Day 4: First stop was to Santa Fe Island, to see land iguanas, lava lizards and more sea lions! This was followed by another contender for the best snorkelling around an outcrop off the coast where we saw turtles swimming, grey trumpet fish, a manta ray, spotted eagle ray and scorpion fish. In the shallower water we found a huge school of fish that would swim away and part as you duck under to look at / swim with them - there were hundreds and hundreds. Felt like in Finding Nemo when the school of fish make shapes under water - quite amazing.
Later in the afternoon we went to South Plaza Island to see iguanas, doves, swallowtail gulls, red billed tropic birds, pelicans and also a (reef) shark just off the coastline.
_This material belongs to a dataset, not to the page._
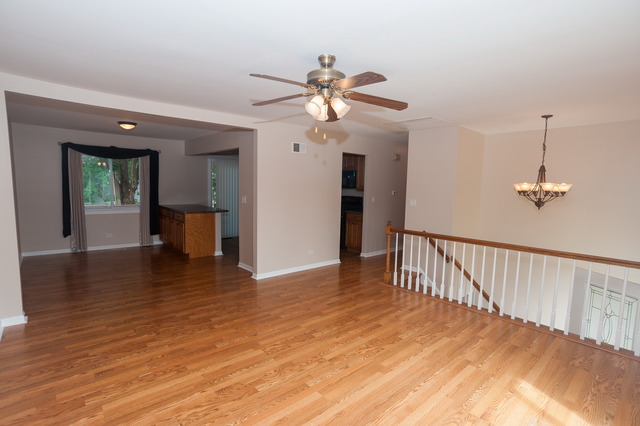 828 Grant St, Bartlett, IL 60103 photo 4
Back on the boat, everyone congregated on the top deck, enjoyed beers and chatted which was the first time we had really done this. Just around dinner time, and then afterward as well, we had 3 Galapagos sharks circling the boat which we watched for a long while. The underneath of the boat attracts many little fish with the algae, so presumably they were going for them.
Day 5: Before heading back we had a last stop off at North Seymour Island, where we saw lots of frigate birds. These guys have a red balloon at their throat which they inflate to attract females, it's very bizarre to see these birds with a big blown up red balloon under their beak. We saw loads of amazing things in the Galapagos, made more amazing by the explanations from our guide Marlon, who was a mine of information. It really was an experience seeing these volcanic islands and the different forms of life the different islands support. Not at all what we had expected, certainly not tropical islands, and without the explanations of the individuality of the fauna and flora much would have been lost on us.
We flew back to Quito in Ecuador, our base between Galapagos and Amazon, found a superb restaurant just round the block and then caught an early night in preparation for our trip to the Amazon in the morning.